PaperHub
6.0
/10
Poster3 位审稿人
最低5最高7标准差0.8
5
6
7
4.0
置信度
COLM 2024

Continual Pre-Training for Cross-Lingual LLM Adaptation: Enhancing Japanese Language Capabilities

OpenReviewPDF
提交: 2024-03-22更新: 2024-08-26
TL;DR

Cross-lingual continual pre-training effectively adapts LLMs across languages (in our case Japanese), while vocabulary expansion and parallel corpora enhance the token efficiency and translation ability, respectively.

摘要

关键词
JapaneseContinual Pre-TrainingLlama 2cross-lingual LLM adaptationvocabulary expansionparallel corpus

评审与讨论

审稿意见
5

This paper presents an effort in continuing pre-training an LLM to improve Japanese language capabilities. Authors applied and analysed vocabulary expansion and parallel corpus. Finally llama-2 at 7B, 30B, and 70B are continue-pre-trained with more text in Japanese. Through language-oriented tests, it is found that Japanese test scores mostly increase, but English scores drop. These models achieve better scores in comparison with LLMs trained from scratch in Japanese.

接收理由

  • the technical points are detailed and easy-to-follow. This work can be consulted by other researchers and engineers looking to continual pre-train a base LLM.
  • Without any doubt, if released, the trained checkpoints will be adopted by practitioners to deal with Japanese texts.
  • the incorporation of parallel corpus into continued pre-training is novel. Note that I have seen it somewhere else [1], but I agree, that both works are rather concurrent.

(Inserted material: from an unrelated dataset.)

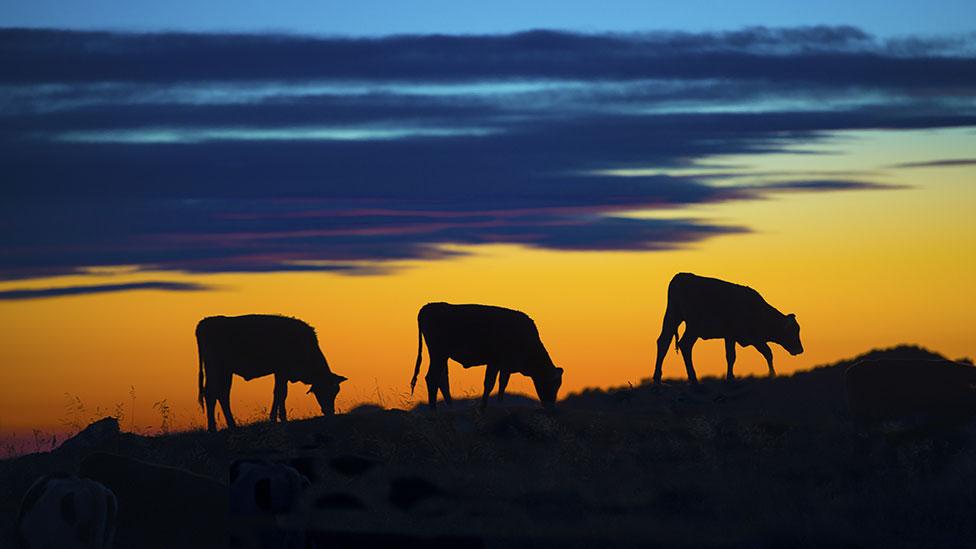 One example of how our genes have changed since prehistoric times is lactase persistence, which has allowed adults to tolerate milk. (Thinkstock) One example of how our genes have changed since prehistoric times is lactase persistence, which has allowed adults to tolerate milk. (Thinkstock)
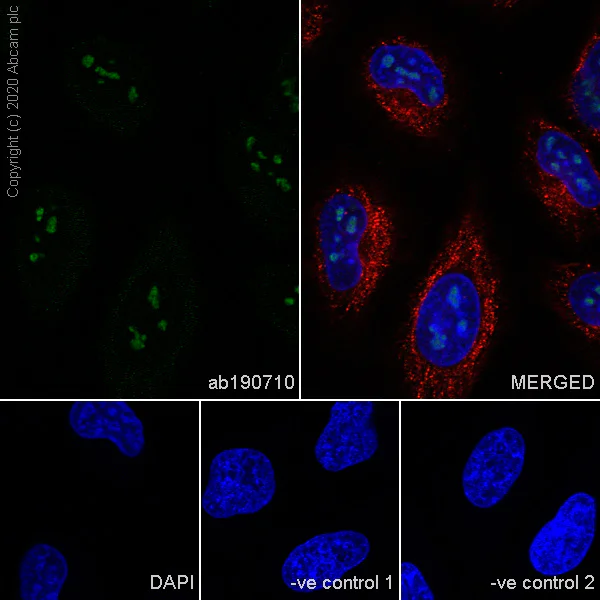 Immunocytochemistry/ Immunofluorescence - Anti-Human Nucleoli antibody [NM95] - Nucleolar Marker (AB190710)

[1] TowerLLM; https://arxiv.org/abs/2402.17733

拒绝理由

  • I find this work lacks novelty and depth from a research perspective. Continued pre-training has been done and reported by some researchers; the technique of vocabulary expansion has been widely used. I did do not find many new insights in this paper.
  • It is observed that English test scores do drop after continued pre-training, and the paper does not discuss or propose any techniques to mitigate the issues. Is it possible to do continued pre-training with both English and Japanese as opposed to the current setting?
  • There are some confusions or concerns about soundness of the arguments or claims, which I detail in the questions section below.

给作者的问题

I would like to clarify with the authors some points below which I think can affect the soundness of the work:

  1. Abstract: "The results showed that the efficiency gained through vocabulary expansion had no negative impact on performance". I wonder what "efficiency" means here?
  2. Sec 2.2: "For example, a Japanese single-character noun 猫 (cat) is represented by three byte-level tokens <0xE7> <0x8C> <0xAB>, which do not provide any semantic meaning"
    • I understand that if a string is not in the original tokenizer, it will be split up in a more fine-grained way.
    • However, I might not agree with the statement because it is discussed from the perspective of human readers.
    • If the three byte-level tokens appear together and often enough during LLM training, they do provide semantic information when being encoded by the model. In other words, I do not see why "猫 (cat)" provides more semantic meaning.
  3. Sec 3.3: As a research paper, I'd ask about the reason behind the decision of a Japanese vocabulary of "(up to 16k)", and why the new embeddings are "initialized with the average of the vectors of the subwords segmented by the LLaMA tokenizer".
  4. Sec 5.1.2 and Figure 4: Is "Llama 2-JA without VE" the reference point, and do you have individual absolute scores for it? I also find the statement of "overall impact of vocabulary expansion on performance is minor." to be a bit hand waving because for some tasks and gain/loss are more than 10%, translating to significant absolute differences in test scores.
作者回复

Thank you for your review.

lacks novelty and depth

We confirmed the training scalability and effectiveness of continual pre-training across different model sizes. This fact has not been investigated comprehensively in the previous studies (§2.1). Our analysis of vocabulary expansion (VE) in §5.1.2 showed that the effect of VE varies across different tasks, which was a non-trivial finding.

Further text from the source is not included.